Anne Mary Hockaday (born 31 May 1962) is a British journalist and academic administrator. Since October 2022, she has been Master of Trinity Hall, Cambridge. She was previously head of the BBC Multimedia Newsroom, and controller of BBC World Service English.

Early life
Hockaday was born in Oxford, attending Oxford High School, an all-girls private school. She studied English at the University of Cambridge where she was an undergraduate student of Trinity Hall, Cambridge. Then, as a Fulbright Scholar, studied journalism (MA) at New York University.

Career
She joined the BBC as a World Service production trainee in 1986. She worked as a correspondent in Prague in the early 1990s and as a reporter, editor, producer for World Service news output. She was also the editor of The World Today.

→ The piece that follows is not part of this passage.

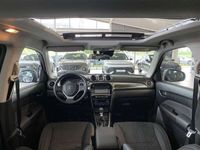 gebraucht Suzuki Vitara Comfort+ Shinkai HYBRID Klimaauto, ACC, Apple CarP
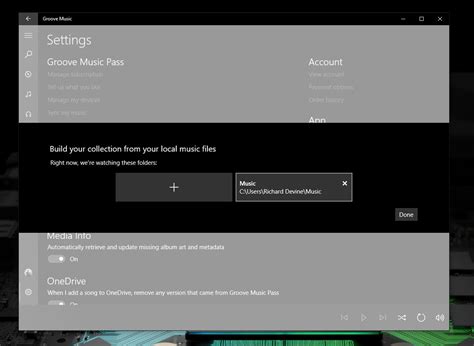 Everything You Need To Know About Groove Music For Windows 10 Windows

She was the editor of BBC World Service News and Current Affairs (2001–2006), managing daily and weekly news and current affairs output for 9/11, Afghanistan and the Invasion of Iraq. Her department won a special Sony Gold award for its 9/11 coverage.

In 2007, she became deputy head of the BBC Newsroom, leading the On-Demand, Radio and Mediawire teams. In April 2009, she became Head of the Multimedia Newsroom. In October 2014 she was appointed controller of BBC World Service English. She left the BBC in 2021.

On 31 May 2022, it was announced that she was to become the next Master of Trinity Hall, Cambridge, in succession to Jeremy Morris. She took up the post on 1 October 2022.

She serves as director of the Girls' Day School Trust a group of 25 private schools in the UK and a trustee of the British Library.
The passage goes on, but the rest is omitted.